Fic: Eclipse (5/?)

Aug 04, 2008 18:30

Title: Eclipse
Rating: R
Pairing: Ten/Donna (Friendship)
Word Count: 2,559
Summary: Donna gets used to being something more than human. Spoilers for Doctor Who 4.13 - Journey’s End.
Disclaimer: I own nothing but the plot. Story title inspired by The Frames.
Author’s Notes: I was going to hold off on this next part, really - but I was rather lucky today and got tickets to a political speaking event tomorrow that I was so excited about the opportunity to attend; thus, my good fortune has spilled over into posting this. I do hope you all enjoy it. Comments, as ever, are love like woah :)

Part One: Eulalie
Part Two: Desperate Moments In Linear Time
Part Three: Ontological Subjectivity
Part Four: Better Than One



Part Five: Ātman

Wandering aimlessly around the TARDIS has become something of a full-time position for her over the past forty-eight hours; she feels like everything is suddenly new as she looks around, appreciating every bit of equipment, every tiny thing she’d always taken for granted before, seeing it now for what it truly was - a masterpiece of precision, a work of art.

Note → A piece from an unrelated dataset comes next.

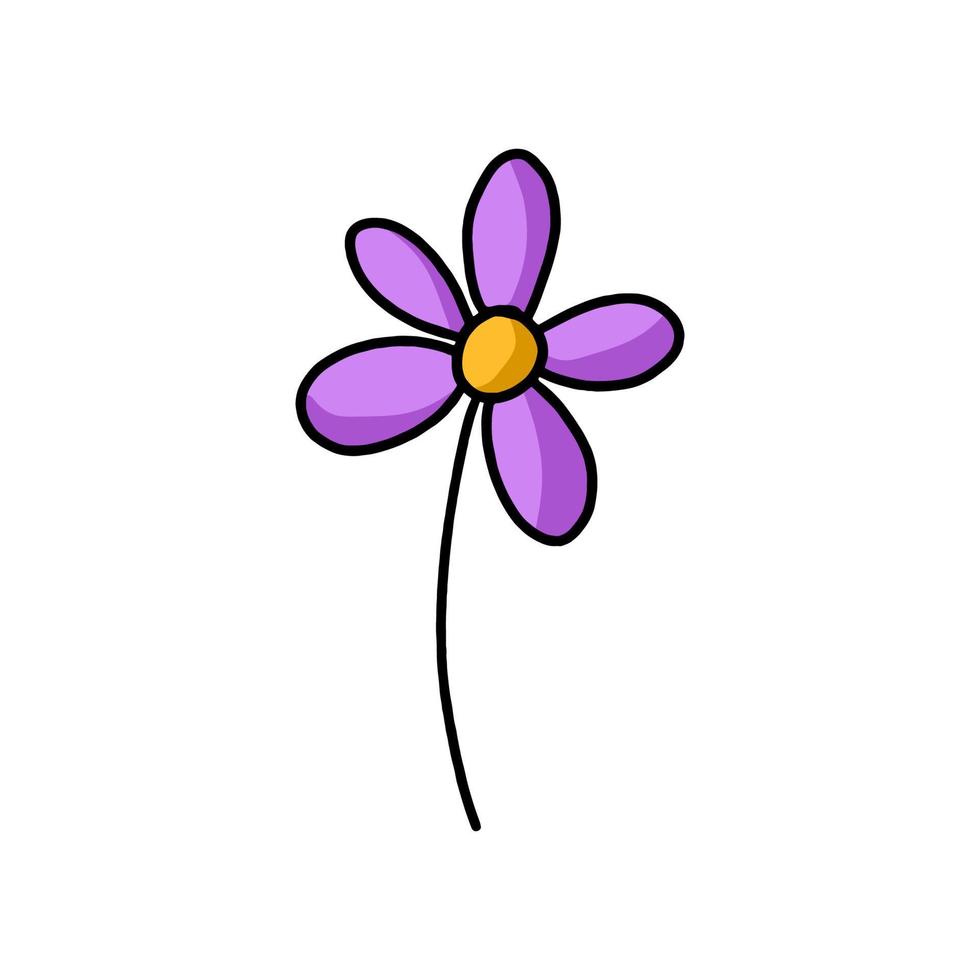 Hand Drawing Purple Flower vector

The whole suddenly-becoming-a-Time-Lord thing wasn’t quite as difficult as she might have thought it to be, had someone told her about it before it had happened - that is, it wasn’t quite so difficult once you got past the agonizing-pain stage. She thinks a bit differently, but it’s mostly just a more efficient version of what the original metacrisis had resulted in, something a bit less choppy and more refined than before. The only thing that’s really disconcerting are the hearts - those are still a bit weird. But she feels different, and that’s what’s both bothers her and thrills her most - she feels powerful, unstoppable - she understands now why he’s always marching off, all bravado and grins, waltzing in and saving the day; it’s because he feels that same unquenchable strength coursing through his veins, and he can’t help but act upon it.

He assured her that the headaches would fade in time, and he was right, of course - they did, and had already gotten much more manageable. He’s got her on some sedatives that can’t possibly be the dosages the say they are on the tin, because she’d be dead already if they were - tells her that it’ll dull the humming in her mind, block the sight of the Time Lord - the full consciousness of time and space and its infinite potential, if she indeed develops it - until she’s ready. He’s also confiscated all of her aspirin, and had replaced it with alternatives without a word. She doesn’t mention the switch.

On top of it all, she found herself spending a great deal of her time in the room across from her own - the Doctor’s room; after conceding the point of letting her move back into her own quarters, he’d gone and done one better than the monitors and the screens and started watching her himself, hawk-like and anxious. It took her three hours flat to object to his hovering in her own room, barely letting her dress in private - she probably would have slapped him silly for it if she hadn’t been able to sense, to feel, the very real, the very soul-deep ache resonating from him, desperate to keep her close, keep her safe.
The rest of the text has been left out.